A Project of Texans for Natural Gas

Lachlan Markay | Washington Free Beacon | Dec. 12, 2016

A small California elementary school is teaming up with a multinational energy company to block an oil drilling ban approved by voters in November, which, the school says, will probably force it to shut its doors.

The San Ardo Elementary School District is reliant on the area’s oil and gas industry. According to the school’s most recent financial report, 89 percent of the district’s tax revenue comes from the oil industry.

Voters in the encompassing Monterey County passed a ballot measure last month banning hydraulic fracturing, an innovative oil and gas extraction technique, and blocking all oil and gas extraction in the county’s unincorporated areas.

That measure, which is set to take effect on Friday, could doom San Ardo schools and force the district’s students to seek education elsewhere, the school told a California state court last week.

The San Ardo school district had just 100 students last year, most of whom come from low-income families. Ninety percent of students last year qualified for free or reduced-price meal programs, according to state education data.

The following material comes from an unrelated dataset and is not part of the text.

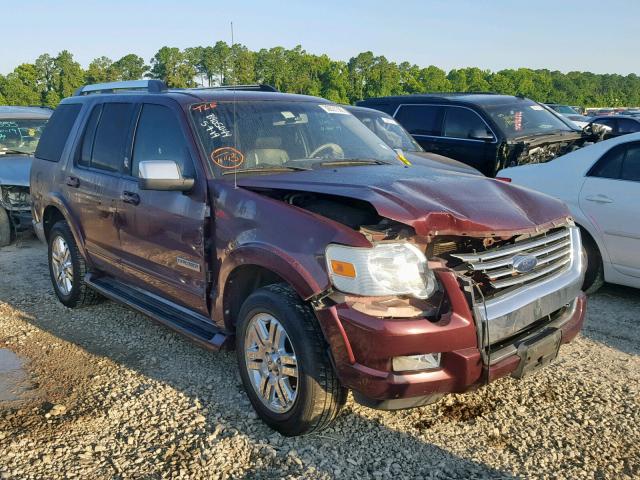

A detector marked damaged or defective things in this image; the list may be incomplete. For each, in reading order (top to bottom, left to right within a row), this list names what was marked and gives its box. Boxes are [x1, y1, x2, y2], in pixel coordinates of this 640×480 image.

Without the tax base provided by the oil industry, the district said, it will not be able to move forward with a $6.8 million bond sale designed to finance renovations and repairs to classrooms and other school facilities.

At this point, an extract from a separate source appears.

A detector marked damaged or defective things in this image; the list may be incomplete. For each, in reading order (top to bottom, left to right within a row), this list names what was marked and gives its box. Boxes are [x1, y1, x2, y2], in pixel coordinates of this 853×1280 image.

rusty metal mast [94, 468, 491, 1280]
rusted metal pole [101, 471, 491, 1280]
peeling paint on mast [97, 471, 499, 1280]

“The School District will likely be required to close as a result of its inability to issue the necessary bonds to repair its infrastructure,” it told the court.

The school is fighting the oil and gas ban, known as Measure Z, in collaboration with oil company Chevron, which operates Monterey County’s San Ardo Oil Field. Both are plaintiffs in a lawsuit seeking to block the drilling ban.

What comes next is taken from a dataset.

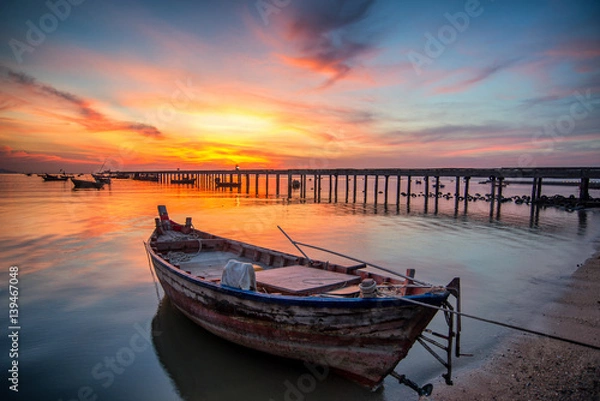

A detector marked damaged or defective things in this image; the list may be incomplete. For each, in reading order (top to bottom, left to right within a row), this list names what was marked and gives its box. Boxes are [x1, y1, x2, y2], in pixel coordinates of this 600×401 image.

rusty boat hull [146, 208, 450, 390]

Chevron says the measure would reduce oil output from the field by 800,000 barrels per year and make continued activity in the field financially impossible. In fact, the company says, it would effectively prevent any future oil extraction in the county.

“Measure Z would have the effect not only of shutting down a business that has mutually benefited the County for nearly seven decades, but also of terminating the right to produce oil—an extraordinarily valuable resource that reduces the need for California to rely on foreign oil resources,” Chevron told the court.

The lawsuit was filed in California superior court last Wednesday. Chevron claims that regulation of oil and gas operations is the domain of state government, and that Monterey County has exceeded its regulatory authority.

County counsel Charles McKee says he will fight the lawsuit.

“We knew about the potential for lawsuits as soon as Measure Z qualified for the ballot and we intend to defend it vigorously,” McKee told Courthouse News. “If a measure is valid on its face, and as far as we can tell this is, then we have an obligation to defend it.”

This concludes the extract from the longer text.